The Ray Davies of the '60s was a peculiar creature, a world apart from other gifted contemporaries like Jagger, Lennon or McCartney. He was as modern as any of them, and as much of a rabble-rouser (though he had infinitely more dimensions than Jagger). The disaffected, feral virility of 1964's "You Really Got Me," the Kinks' first top 10 hit (in both the U.S. and the U.K.), is very real, both an irresistible come-on and a sexual scowl you can hear.

Equally genuine, though, is the blushing, sunburned fondness of the 1967 "Autumn Almanac," a song that celebrates old-time fixtures of English life like seaside holidays and currant buns, even as it tugs gently away from their lulling, compelling current: "This is my street/and I'm never gonna leave it/And I'm always gonna stay here/if I live to be 99," Davies sings, the honeyed smoothness of his voice unable to hide a flutter of homesickness, as if he secretly wished he could live that life. Even in the thick of the swinging '60s, arguably one of the best times in history to be a young man, Davies was an old man trapped in a young man's skin. He never scoffed at the idea of simple human comforts, but it was his curse and his salvation that he also knew how confining they can be.

Davies has a rare gift for combing through strands of useless, habitual nostalgia to come up with the golden threads worth salvaging. Sometimes a way of life is discarded for good reason; other times it's thrown away out of nothing more than thoughtlessness or boredom. Like a rag-picker with superb taste, Davies has always known how to separate the things that drip with preciousness from the things that are truly precious. Doilies: toss. Teapots: keep.

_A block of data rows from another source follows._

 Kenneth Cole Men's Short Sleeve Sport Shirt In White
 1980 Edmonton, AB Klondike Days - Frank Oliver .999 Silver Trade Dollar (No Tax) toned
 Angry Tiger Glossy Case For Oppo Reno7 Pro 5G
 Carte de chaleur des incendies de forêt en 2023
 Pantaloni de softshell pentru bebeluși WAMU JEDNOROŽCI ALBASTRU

There's loads of charm in the way Davies sings fondly of roast beef on Sundays and dismal English weather. But as endearing as his Anglo-centric vision can be, it's far from benign. As critic Greil Marcus wrote, "Commercial failure turned Ray Davies back on himself. What he found were the futile aspirations to gentility harbored by the English working class: the pain of living within limits one could not afford to damn, because that would mean admitting they existed."

Davies may have seen the bleakness of those aspirations, but he never confused it with hopelessness. If I had to compare him with an actor, I might choose the late, and extraordinary, Sir Alec Guinness as the closest equivalent. Davies, like Guinness, could easily slip into the role of the English everyman, without ever being condescending or overly mannered. His vocal style, like Guinness' gentle chameleon face, is nondescript and immediately distinctive at the same time. In fact, his direct, sometimes elegant phrasing has probably been informed more by the great British song-and-dance man Jack Buchanan than by Elvis. His songs clearly owe a debt to English music-hall tradition; when his brother Dave was getting into rock 'n' roll in the early '60s, Ray was still infatuated with Rodgers and Hammerstein.

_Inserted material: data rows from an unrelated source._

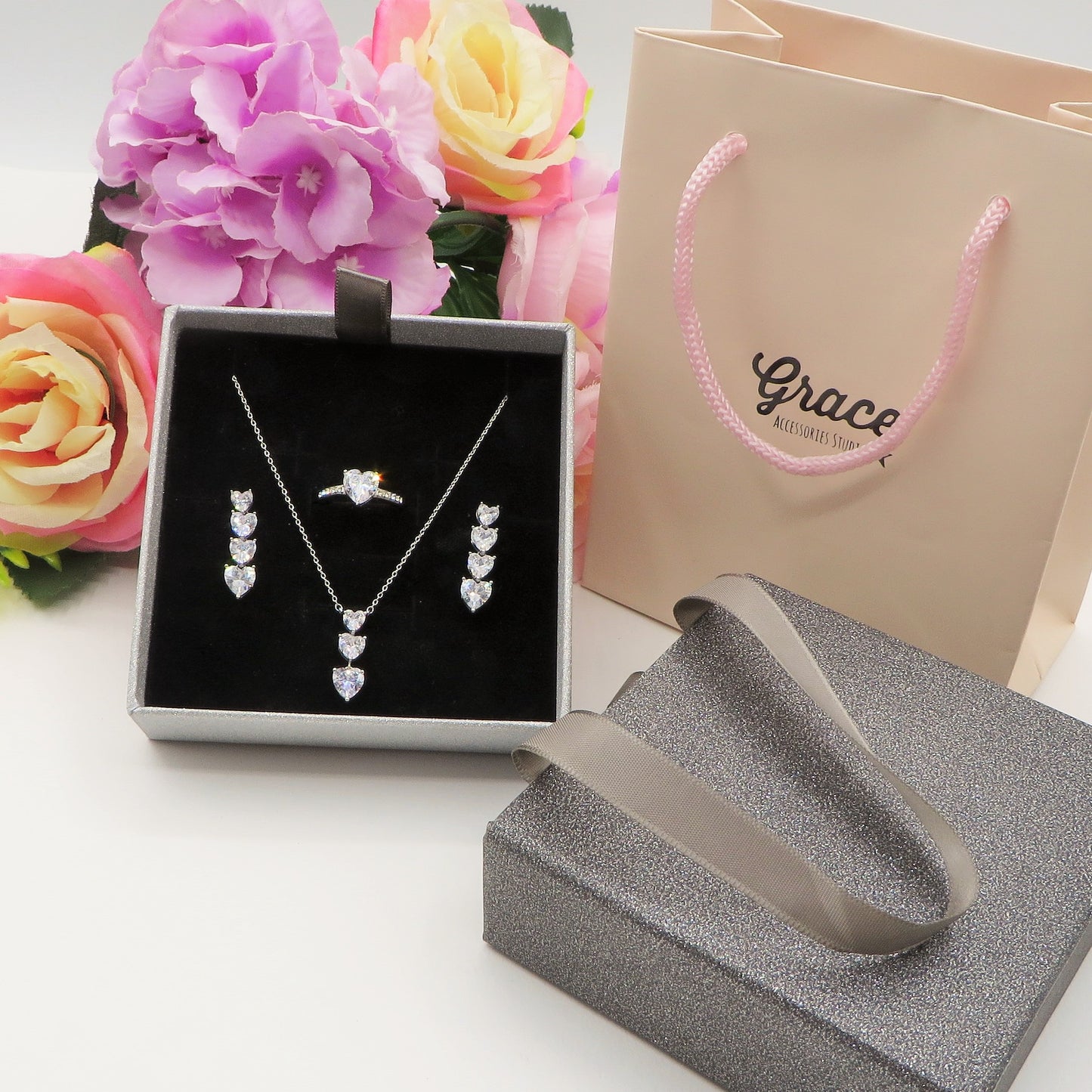 CHERIE TRILOGY SET ~ Acciaio inossidabile con cubic zirconia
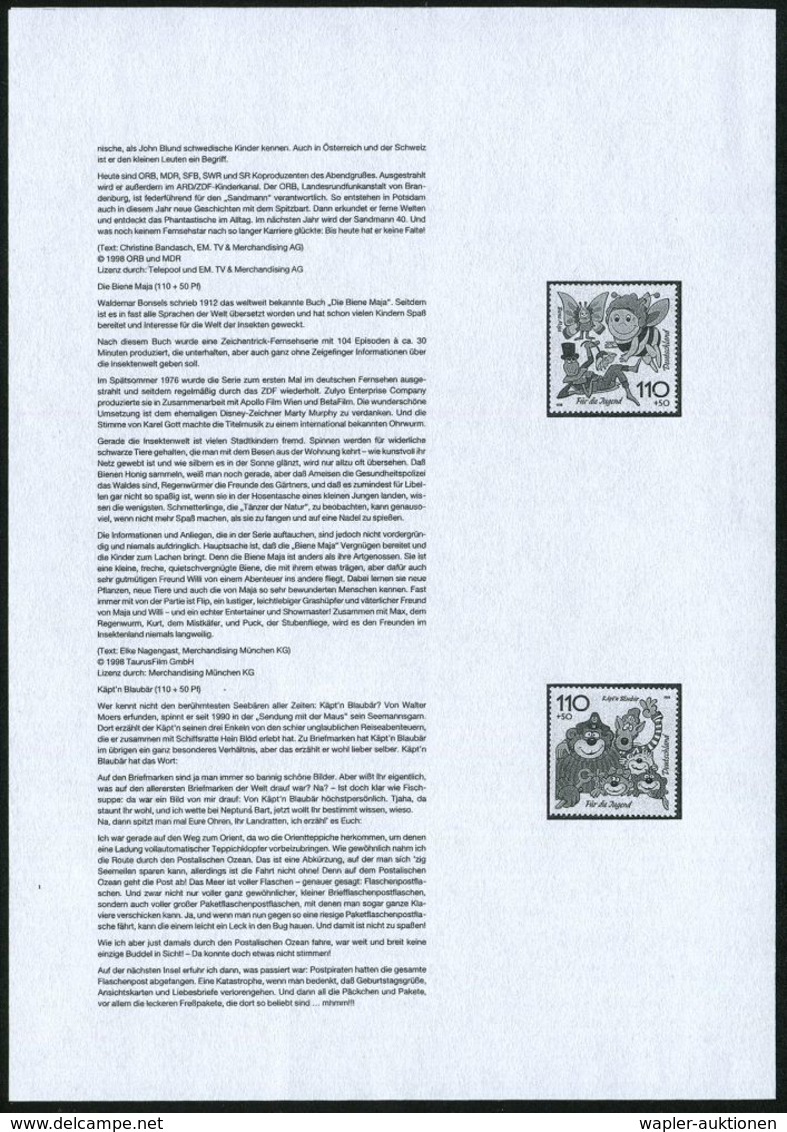 B.R.D. 1998 Jugendmarken, Kompl. Satz = Trickfilm- U. Comic-Figuren Alle Mit Amtl. Handstempel  "M U S T E R" , Postfr.  - Comics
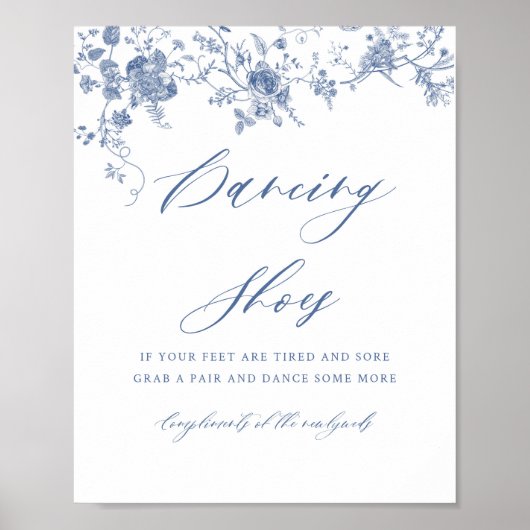 Blauwe Bloemen Dansende Schoenen Voor Bruiloftsgas Poster (Voorkant)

Which isn't to say that Davies is a particularly gentle soul. He's no stranger to sexual posturing -- that's obvious from songs like "You Really Got Me" and "Lola." But you could spend hours reeling off the other qualities that fly like sparks from his work: His wit and punditry, his always-brushed-with-dignity rambunctiousness, his stiletto-sharp social commentary in songs like the 1965 "Well-Respected Man," an acid indictment of the hypocrisy behind English propriety.

But if Davies has ever understood anything, it's the romance of isolation, a sense of the clarity gained by being on the outside of things: Loneliness is a small price to pay for self-knowledge. That's the declaration that creeps out from behind the guitars, twirling like a corps of ballerinas, in "I'm Not Like Everybody Else." The song is a miracle of self-protection masquerading as self-revelation, the on-the-spot struggle of a singer who's torn between wishing he could keep his secrets private and wanting to let them out in the open to breathe. The almost breathlessly desperate line "I don't want to live my life like everybody else" emerges from an earlier one, "I don't want to go to bed like everybody else," as if going to bed and simply living were the two crucial bookends of life. For the duration of the song, at least, it seems that they are.